◆ EXERCISE PROMPT:
Using the listing below, print the line containing "スペクトルやFFTアナライザ", the line containing "Terran Foundations (The", and each line between them, exactly and nothing else. Pictures stay out of the print.

◆ PROVIDED ENTRIES:
:::
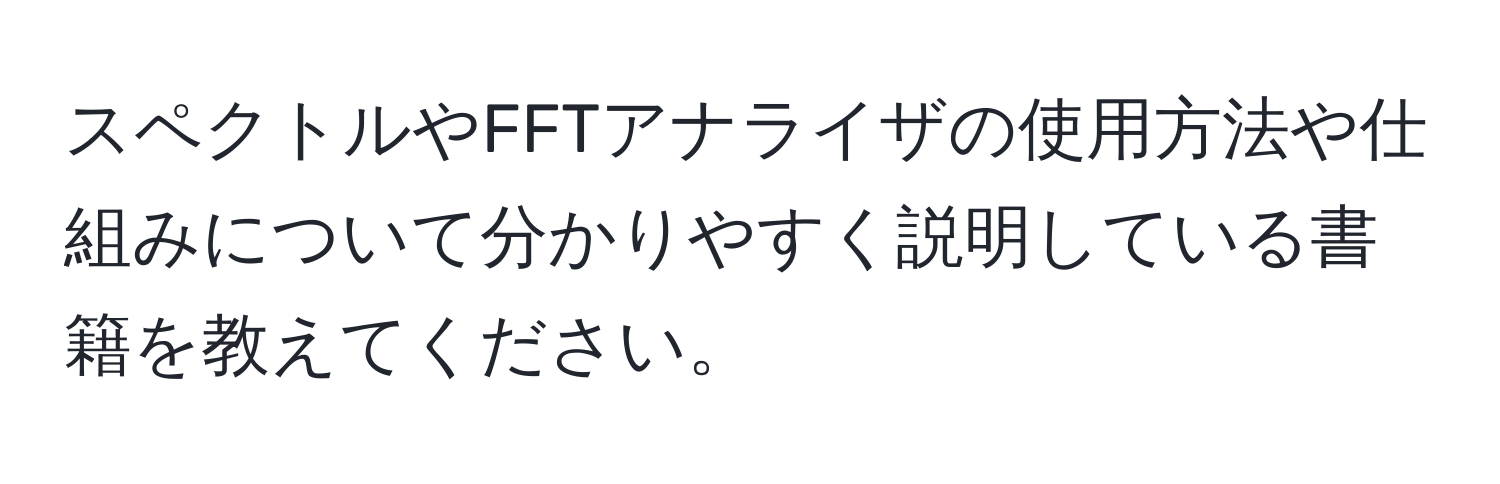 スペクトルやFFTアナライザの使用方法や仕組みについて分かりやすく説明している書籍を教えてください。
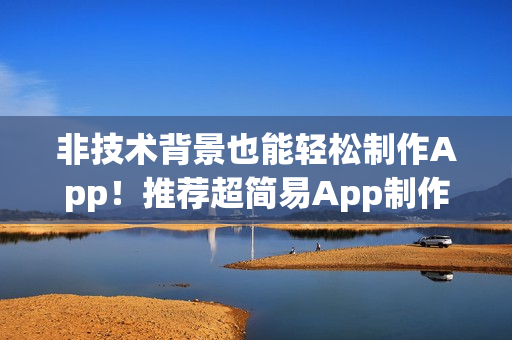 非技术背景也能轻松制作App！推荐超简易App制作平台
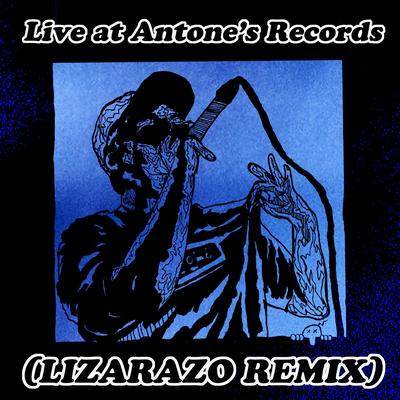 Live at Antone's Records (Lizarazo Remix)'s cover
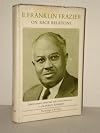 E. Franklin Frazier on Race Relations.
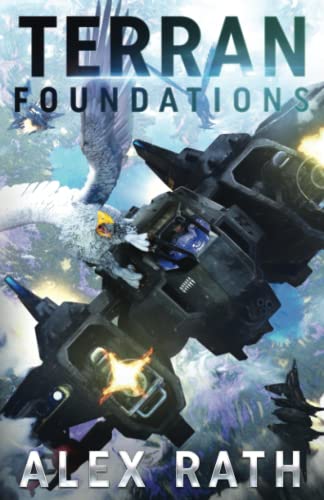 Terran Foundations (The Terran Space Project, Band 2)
:::
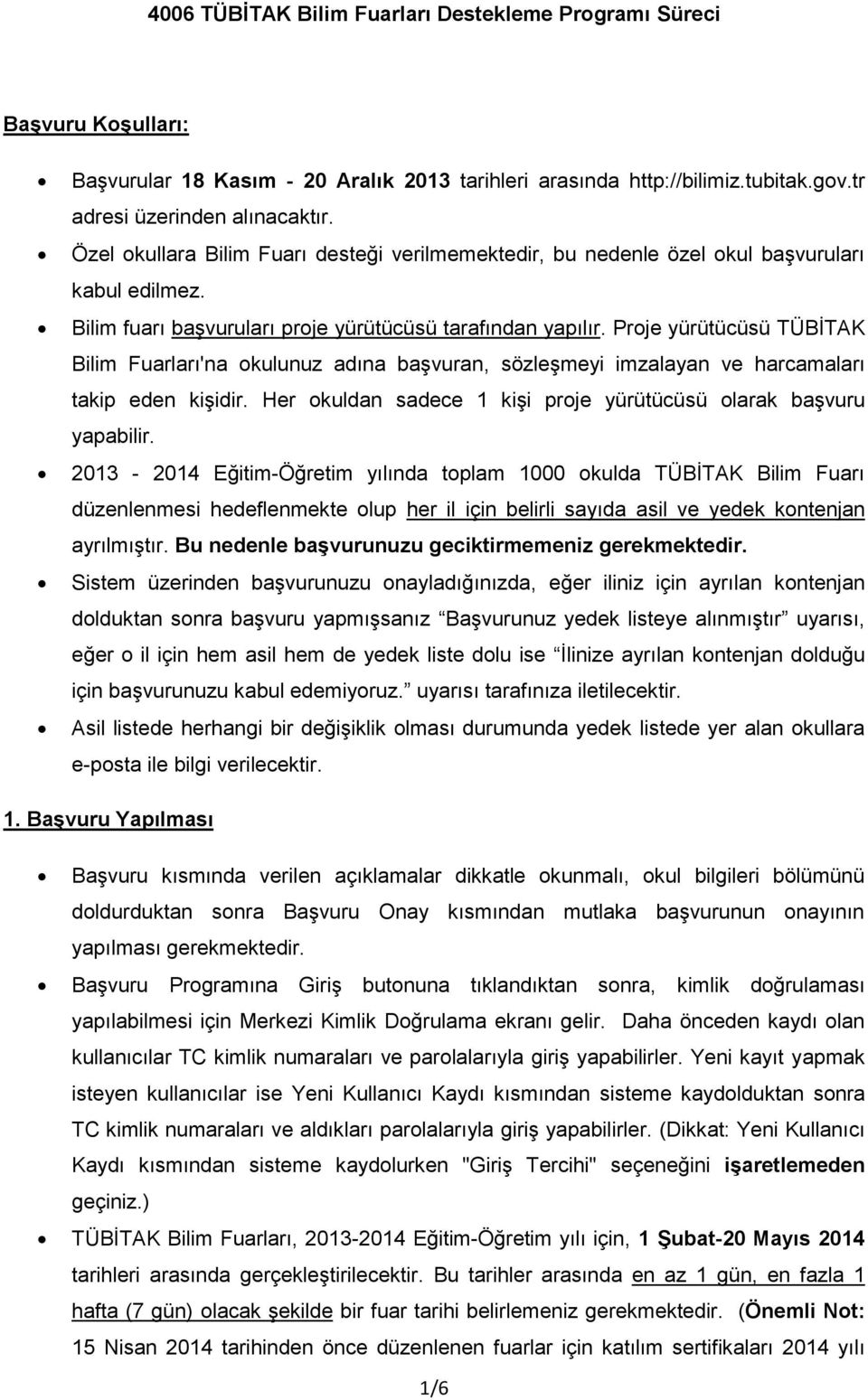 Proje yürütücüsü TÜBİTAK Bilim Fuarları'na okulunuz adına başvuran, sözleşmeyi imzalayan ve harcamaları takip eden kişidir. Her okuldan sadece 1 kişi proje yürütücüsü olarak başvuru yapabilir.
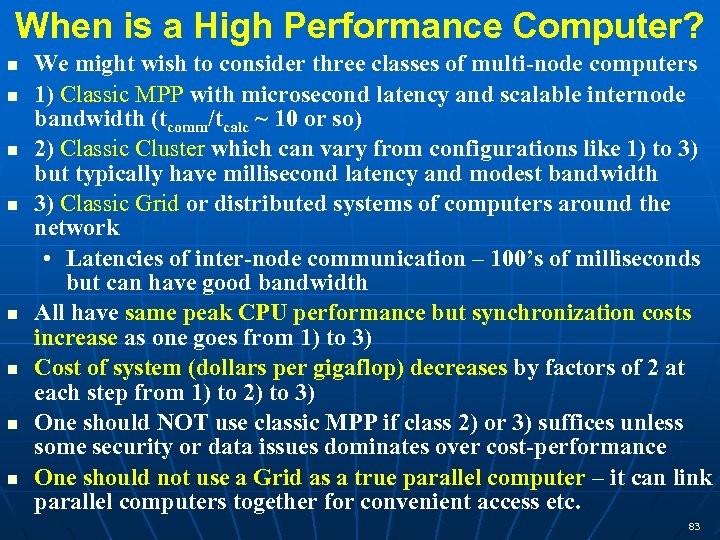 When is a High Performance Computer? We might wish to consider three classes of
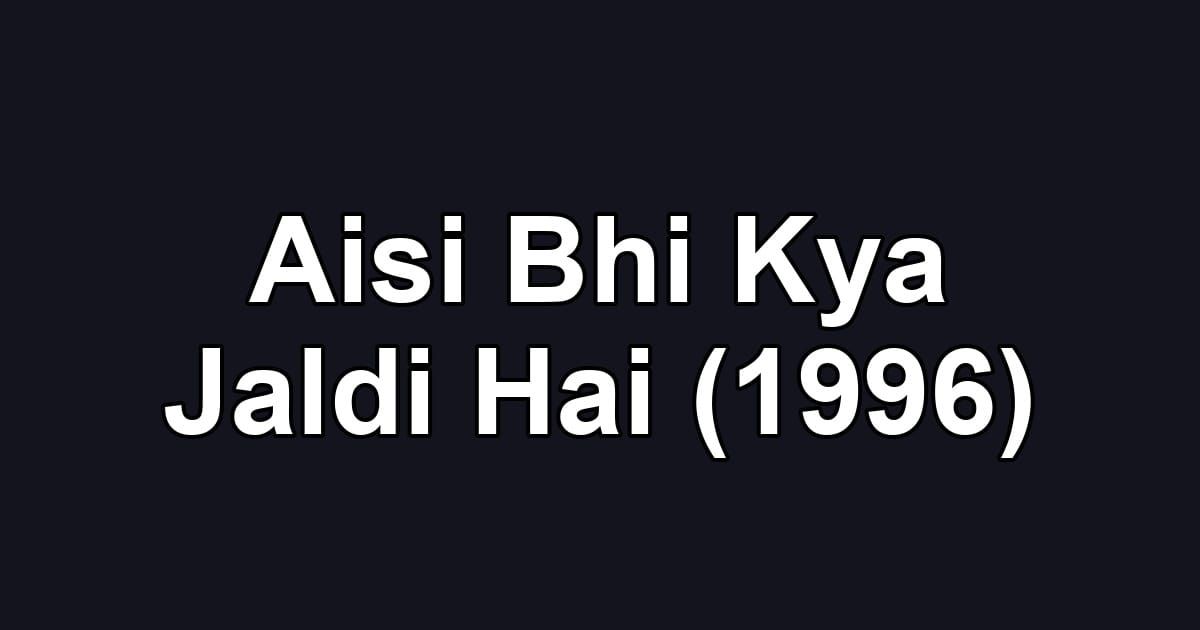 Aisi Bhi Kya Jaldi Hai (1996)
:::
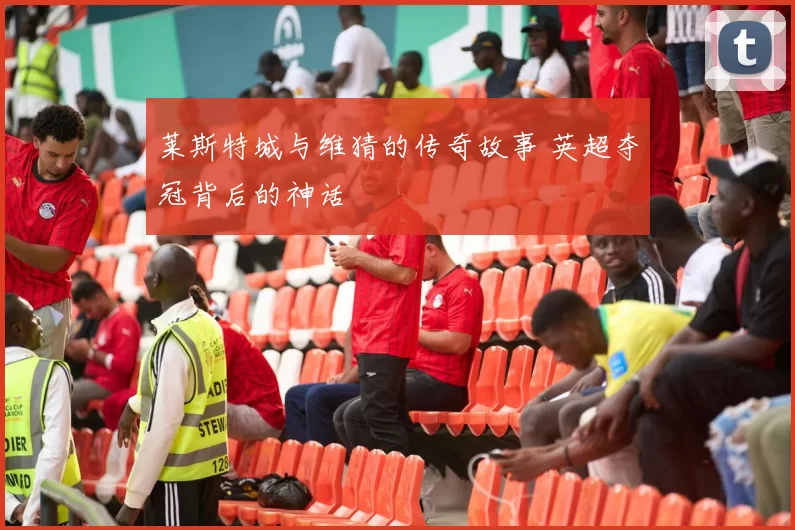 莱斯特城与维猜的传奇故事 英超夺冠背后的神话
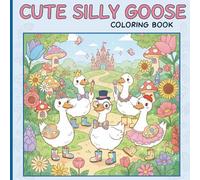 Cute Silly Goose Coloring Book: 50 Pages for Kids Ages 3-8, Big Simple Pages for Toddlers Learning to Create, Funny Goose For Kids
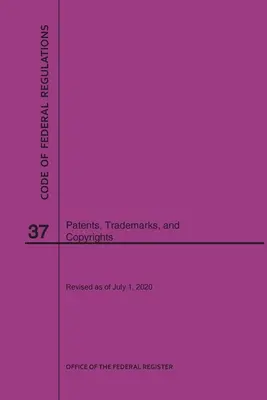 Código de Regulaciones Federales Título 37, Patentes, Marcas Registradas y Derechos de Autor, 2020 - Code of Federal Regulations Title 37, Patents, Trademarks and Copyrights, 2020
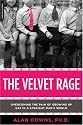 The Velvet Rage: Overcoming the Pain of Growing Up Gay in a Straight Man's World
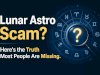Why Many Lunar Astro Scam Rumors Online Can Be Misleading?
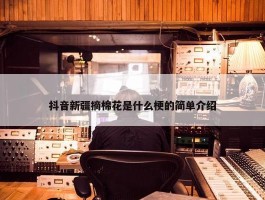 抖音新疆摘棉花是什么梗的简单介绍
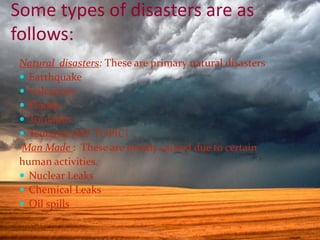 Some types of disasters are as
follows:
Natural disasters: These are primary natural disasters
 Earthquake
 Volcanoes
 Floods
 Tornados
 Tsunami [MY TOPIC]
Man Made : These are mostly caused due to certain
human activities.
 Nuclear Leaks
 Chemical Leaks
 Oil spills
:::
◆ TASK RESULT:
 スペクトルやFFTアナライザの使用方法や仕組みについて分かりやすく説明している書籍を教えてください。
 非技术背景也能轻松制作App！推荐超简易App制作平台
 Live at Antone's Records (Lizarazo Remix)'s cover
 E. Franklin Frazier on Race Relations.
 Terran Foundations (The Terran Space Project, Band 2)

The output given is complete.